Task material: Begin

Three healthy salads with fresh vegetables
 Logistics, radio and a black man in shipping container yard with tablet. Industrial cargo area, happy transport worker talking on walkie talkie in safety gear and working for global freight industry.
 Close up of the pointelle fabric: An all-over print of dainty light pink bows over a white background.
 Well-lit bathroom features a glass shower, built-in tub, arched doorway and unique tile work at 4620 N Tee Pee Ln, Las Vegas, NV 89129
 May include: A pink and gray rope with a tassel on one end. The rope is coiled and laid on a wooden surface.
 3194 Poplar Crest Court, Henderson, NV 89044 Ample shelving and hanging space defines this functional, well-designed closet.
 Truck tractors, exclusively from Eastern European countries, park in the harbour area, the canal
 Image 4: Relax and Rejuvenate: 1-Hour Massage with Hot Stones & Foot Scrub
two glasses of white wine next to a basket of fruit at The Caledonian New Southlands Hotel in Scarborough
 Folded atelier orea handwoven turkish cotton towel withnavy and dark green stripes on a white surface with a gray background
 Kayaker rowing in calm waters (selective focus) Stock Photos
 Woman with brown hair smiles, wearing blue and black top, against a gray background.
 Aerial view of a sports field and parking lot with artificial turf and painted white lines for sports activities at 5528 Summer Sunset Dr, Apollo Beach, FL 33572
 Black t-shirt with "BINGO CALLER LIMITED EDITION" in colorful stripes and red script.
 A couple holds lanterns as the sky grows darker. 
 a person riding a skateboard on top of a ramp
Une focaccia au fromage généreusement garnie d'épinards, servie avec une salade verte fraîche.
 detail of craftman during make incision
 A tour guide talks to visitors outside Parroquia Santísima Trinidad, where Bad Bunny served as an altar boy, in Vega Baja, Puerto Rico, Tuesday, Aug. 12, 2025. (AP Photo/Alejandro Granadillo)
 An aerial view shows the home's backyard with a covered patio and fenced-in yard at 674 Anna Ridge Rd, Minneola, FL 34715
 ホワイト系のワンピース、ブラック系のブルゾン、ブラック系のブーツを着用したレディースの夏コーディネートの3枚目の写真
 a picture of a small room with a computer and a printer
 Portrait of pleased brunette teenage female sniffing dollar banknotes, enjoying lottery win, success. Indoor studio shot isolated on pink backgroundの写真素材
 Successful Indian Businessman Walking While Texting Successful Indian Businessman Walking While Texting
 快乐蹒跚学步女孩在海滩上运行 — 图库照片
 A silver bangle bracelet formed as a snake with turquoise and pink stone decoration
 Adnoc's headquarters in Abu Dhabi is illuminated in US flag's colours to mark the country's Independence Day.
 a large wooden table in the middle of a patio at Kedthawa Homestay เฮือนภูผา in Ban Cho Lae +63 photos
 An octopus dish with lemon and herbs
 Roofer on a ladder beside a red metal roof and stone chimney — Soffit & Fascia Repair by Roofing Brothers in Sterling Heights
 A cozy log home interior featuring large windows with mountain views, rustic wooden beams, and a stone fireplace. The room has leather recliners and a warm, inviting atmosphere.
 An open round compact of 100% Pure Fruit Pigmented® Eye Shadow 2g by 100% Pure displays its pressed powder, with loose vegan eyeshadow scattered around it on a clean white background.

Task material: End

Problem to work on →
Lines are to be repeated exactly from the one that contains "A silver bangle" through the last line of the listing, with both ends kept and no others added.

Response to this task →
 A silver bangle bracelet formed as a snake with turquoise and pink stone decoration
 Adnoc's headquarters in Abu Dhabi is illuminated in US flag's colours to mark the country's Independence Day.
 a large wooden table in the middle of a patio at Kedthawa Homestay เฮือนภูผา in Ban Cho Lae +63 photos
 An octopus dish with lemon and herbs
 Roofer on a ladder beside a red metal roof and stone chimney — Soffit & Fascia Repair by Roofing Brothers in Sterling Heights
 A cozy log home interior featuring large windows with mountain views, rustic wooden beams, and a stone fireplace. The room has leather recliners and a warm, inviting atmosphere.
 An open round compact of 100% Pure Fruit Pigmented® Eye Shadow 2g by 100% Pure displays its pressed powder, with loose vegan eyeshadow scattered around it on a clean white background.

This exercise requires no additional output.